- Task inputs
——————

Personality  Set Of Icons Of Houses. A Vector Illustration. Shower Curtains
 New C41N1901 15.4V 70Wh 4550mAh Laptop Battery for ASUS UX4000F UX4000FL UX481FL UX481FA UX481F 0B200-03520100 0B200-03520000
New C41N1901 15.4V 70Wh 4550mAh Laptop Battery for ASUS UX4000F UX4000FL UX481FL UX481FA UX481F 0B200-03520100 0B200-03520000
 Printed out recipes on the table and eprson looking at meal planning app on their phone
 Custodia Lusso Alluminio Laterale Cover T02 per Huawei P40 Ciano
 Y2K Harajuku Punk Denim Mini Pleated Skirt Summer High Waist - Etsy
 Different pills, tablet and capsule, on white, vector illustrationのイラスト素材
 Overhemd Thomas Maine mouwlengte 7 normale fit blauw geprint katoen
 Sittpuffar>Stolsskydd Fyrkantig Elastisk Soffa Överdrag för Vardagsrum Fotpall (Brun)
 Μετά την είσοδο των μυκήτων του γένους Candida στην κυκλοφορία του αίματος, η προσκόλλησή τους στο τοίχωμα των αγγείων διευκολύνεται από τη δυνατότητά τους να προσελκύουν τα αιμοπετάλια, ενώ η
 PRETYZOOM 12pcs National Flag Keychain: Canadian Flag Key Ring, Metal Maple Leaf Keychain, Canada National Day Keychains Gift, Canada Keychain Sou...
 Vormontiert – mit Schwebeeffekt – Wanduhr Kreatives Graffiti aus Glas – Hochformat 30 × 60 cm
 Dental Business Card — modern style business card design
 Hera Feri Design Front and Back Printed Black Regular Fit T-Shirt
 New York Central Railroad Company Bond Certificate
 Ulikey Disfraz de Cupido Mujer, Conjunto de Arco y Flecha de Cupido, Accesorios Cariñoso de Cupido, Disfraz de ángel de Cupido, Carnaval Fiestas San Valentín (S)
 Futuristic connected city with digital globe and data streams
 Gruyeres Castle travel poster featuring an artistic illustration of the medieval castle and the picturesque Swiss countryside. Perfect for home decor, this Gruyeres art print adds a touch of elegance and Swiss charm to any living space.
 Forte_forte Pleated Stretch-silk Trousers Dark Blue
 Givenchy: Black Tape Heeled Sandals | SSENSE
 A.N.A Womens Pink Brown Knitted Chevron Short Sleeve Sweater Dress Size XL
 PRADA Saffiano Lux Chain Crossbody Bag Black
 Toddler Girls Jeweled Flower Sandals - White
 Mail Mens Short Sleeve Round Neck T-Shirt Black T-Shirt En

——————

- What you have to do
Sift through the material above and copy each line that holds "Black".

- Result of this exercise
 Hera Feri Design Front and Back Printed Black Regular Fit T-Shirt
 Givenchy: Black Tape Heeled Sandals | SSENSE
 PRADA Saffiano Lux Chain Crossbody Bag Black
 Mail Mens Short Sleeve Round Neck T-Shirt Black T-Shirt En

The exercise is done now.